The output of it is stored in cleanTweets.json, and so now we passed it, we removed any mean words, tweet one became Hello, that was already nice, but tweet two just became the string you.
>> Will Sentance: Who knows what else it might have said, but I feel. It was initially a 17 word tweet, no, okay, all right.

Out it came, now we need to fiddle with that because that's just a string, it looks like an object. It isn't, It's a string of characters, but one that with the path function, the json.path, built into JavaScript function can take that string of characters and in one go turn it into a nicely formatted object that we can work with.
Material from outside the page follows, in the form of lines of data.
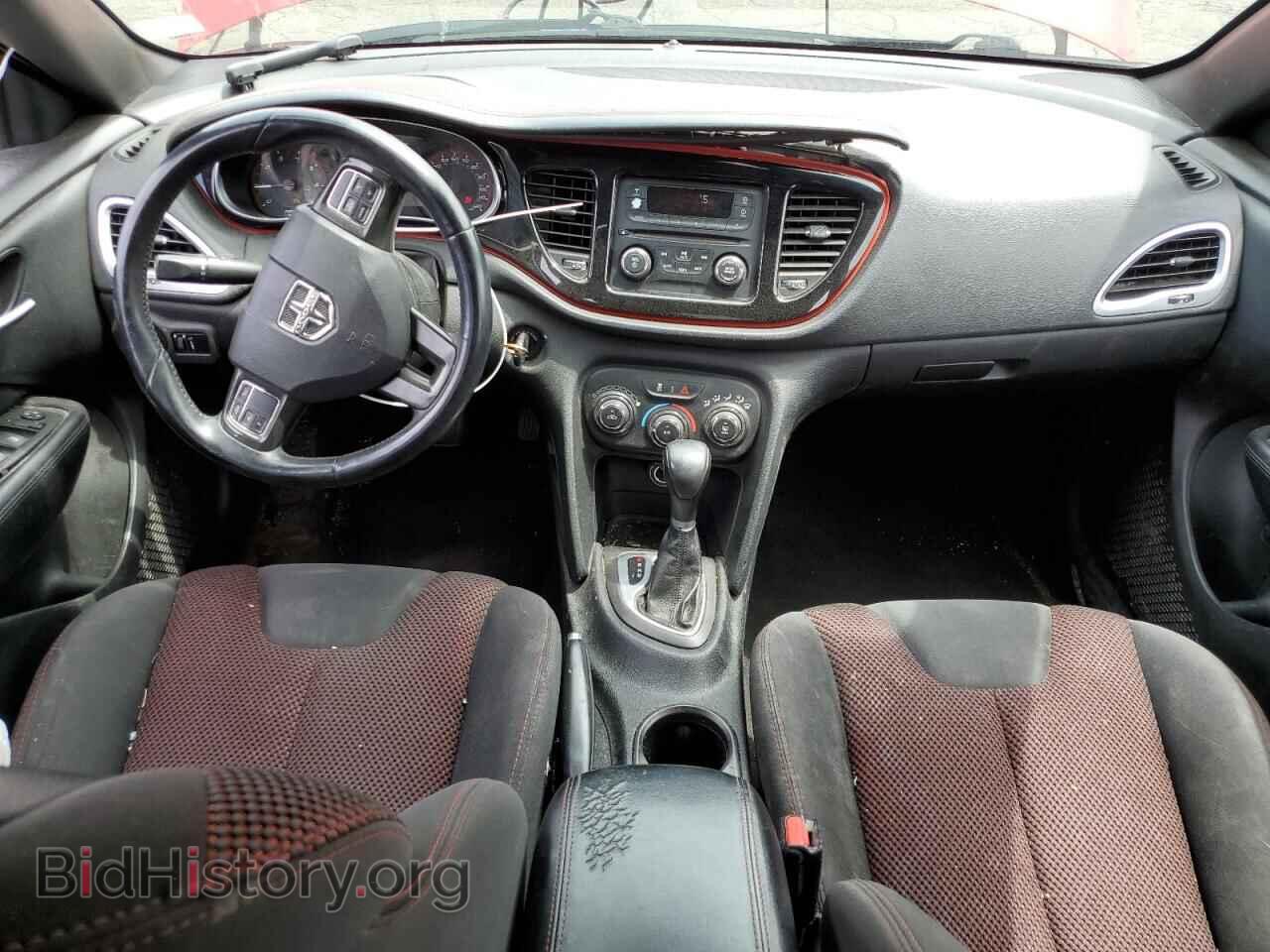 2016 DODGE DART - VIN: 1C3CDFBB8GD750448 - Фото 8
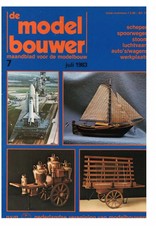 De Modelbouwer 95.83.007 Jahrgang "Der Modellbauer" Ausgabe : 83.007 (PDF)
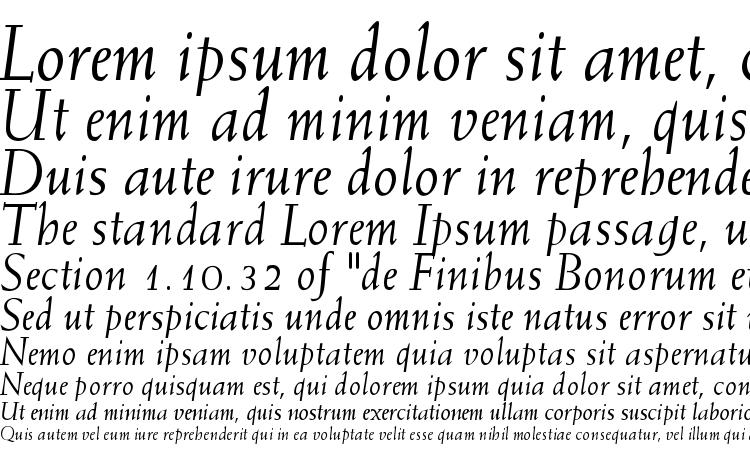specimens WeissStd Italic font, sample WeissStd Italic font, an example of writing WeissStd Italic font, review WeissStd Italic font, preview WeissStd Italic font, WeissStd Italic font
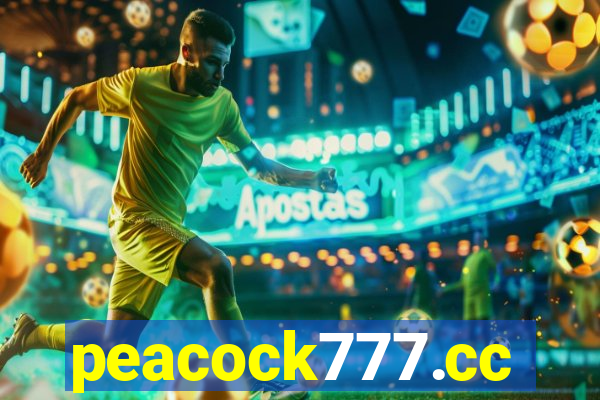 peacock777.cc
And that's I think what we're gonna do in the very next line. So we declare. Sorry everyone, there was an execution context here, wasn't there? And we exited out of it. That's what was running, it was execution context. I didn't show the insides of it because we didn't really declare how it's gonna work.

We just know it returned out data cleaned of the nasty words. We don't know how it worked, we just know that it ran, took in that string of words and looked for any bad words and deleted them, removed them, 1.5 gigabytes of them. That took a bunch of time as well honestly, I don't know how long but let's say like ten seconds in its own right perhaps.
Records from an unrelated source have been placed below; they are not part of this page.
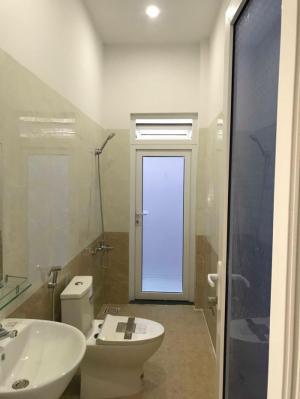NHÀ ĐẸP 1 mê, thổ cư 100%, hẻm Đặng Trần Côn 5*17m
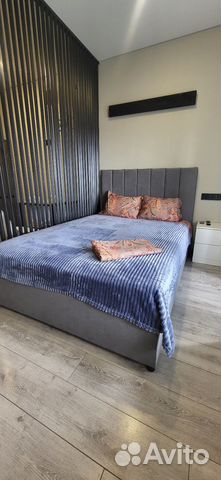

Квартира-студия, 30 м², 2 кровати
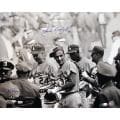 Sandy Koufax Celebrating w/ Teammates B/W 16x20 Autographed Photo by Ken Regan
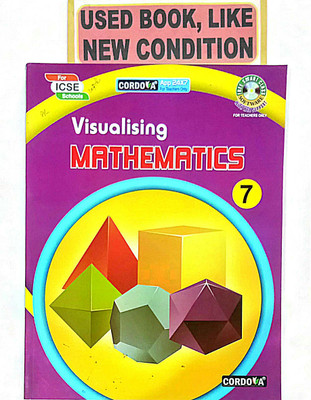 VISUALISING MATHEMATICS Class-7 (Old Book)(Paperback, J. J. Matto)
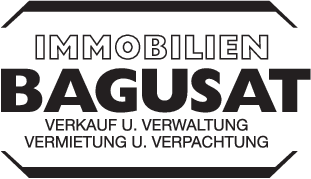 Logo der Firma Immobilien Bagusat GmbH aus Mülheim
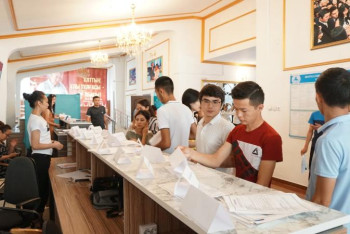 Фотография к новости: Жастарға жұмыс: Шымкентте сұранысқа ие мамандықтар анықталды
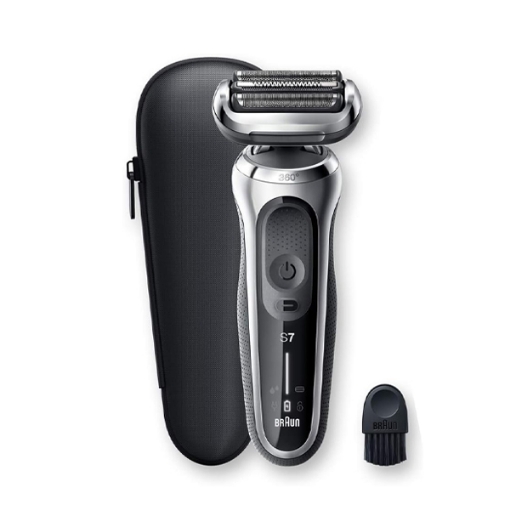 Picture of Braun SHAVER 71-S1000s SILV AP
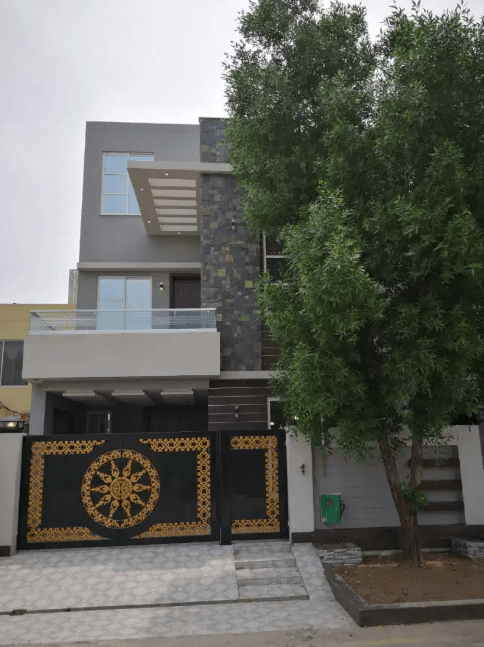 5 Marla House For Sale Lahore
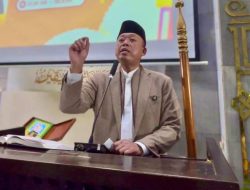 Nusron Tekankan Sanad Ilmu dan Kepemimpinan Adil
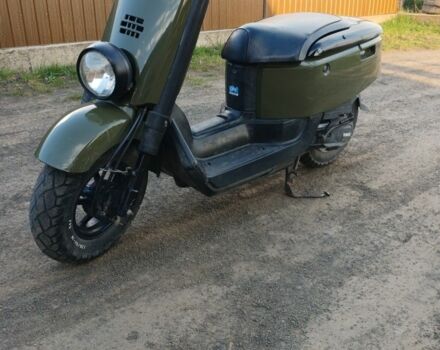 Ямаха Вокс, объемом двигателя 50 л и пробегом 0 тыс. км за 500 $, фото 1 на Automoto.ua
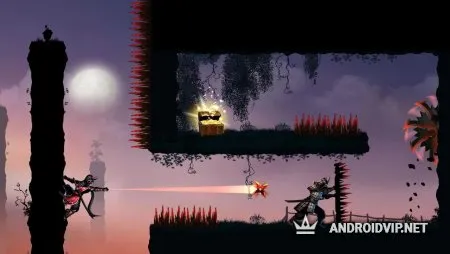 Воин ниндзя: легенда теневых файтингов фото 2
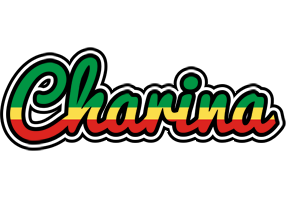 Charina african logo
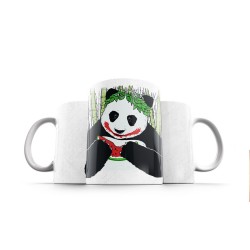 ماگ طرح پاندای جوکر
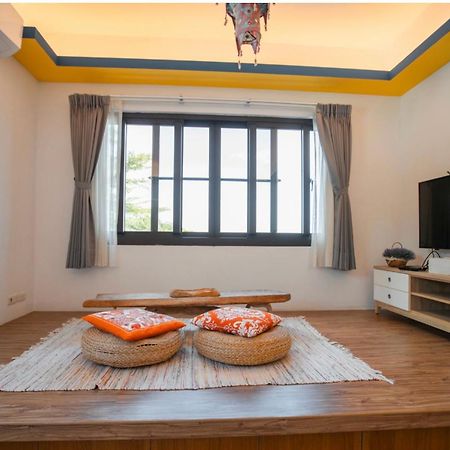 Na Jie 17 Apartman Tungho Kültér fotó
Like a bunch of time to go through all that data and pass it out. We've taken 25 seconds in total.
>> Speaker 8: That's a lot.
>> Will Sentance: That's a lot. Yeah, wow, exactly, it's a lot of time to go and pass. Wouldn't it be cool, people, if we could, I don't wanna give it away, but what if we could be pulling that data and cleaning it at the same time?

Given that we've got a thread running the background pulling data in, and a thread running here that can do stuff like cleaning, why couldn't we do this at the same time? We'll see on the next slide whether there's a future for us doing this. All right, declare tweets object, we popped cleanTweets off the Call Stack because we finished running it and we returned out the clean tweets data.
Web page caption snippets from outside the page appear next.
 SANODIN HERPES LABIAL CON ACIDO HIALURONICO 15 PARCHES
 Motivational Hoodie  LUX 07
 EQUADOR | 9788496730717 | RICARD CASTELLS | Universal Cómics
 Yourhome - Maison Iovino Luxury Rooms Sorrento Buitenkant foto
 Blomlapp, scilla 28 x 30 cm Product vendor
What's the next line say to do, Mohammed help me out, on the left hand side first?
>> Mohammed: Create a label variable called tweetsObj.
>> Will Sentance: Yeah, constant tweetsObj, tweetsObj, and run on cleanTweets.json, the function json.pass then will take this data, this is a built in to,
>> Will Sentance: JavaScript function.

It's built into Javascript, you can go and find on MDN to see how it works. And take the cleanTweets.json, it's clean, but it's still JSON format. Take it and return out this in object form, and store in where, Zep?
>> Zep: In tweetsObj.
>> Will Sentance: In tweetsObj. There it is, into tweetsObj.

And that's now beautifully a full formatted JSON object with tweet one is Hello, tweet two is you. Okay, and now, just to show that we have it, and can use it, let's just put in our console. What are we gonna log on our console at this point, William?

>> William: The tweet two from tweetsObj.
>> Will Sentance: Which has what string?
>> William: You.
>> Will Sentance: It's you, all right there it is. [SOUND] But look, by the way, how long it took, it took 25 milliseconds to do that.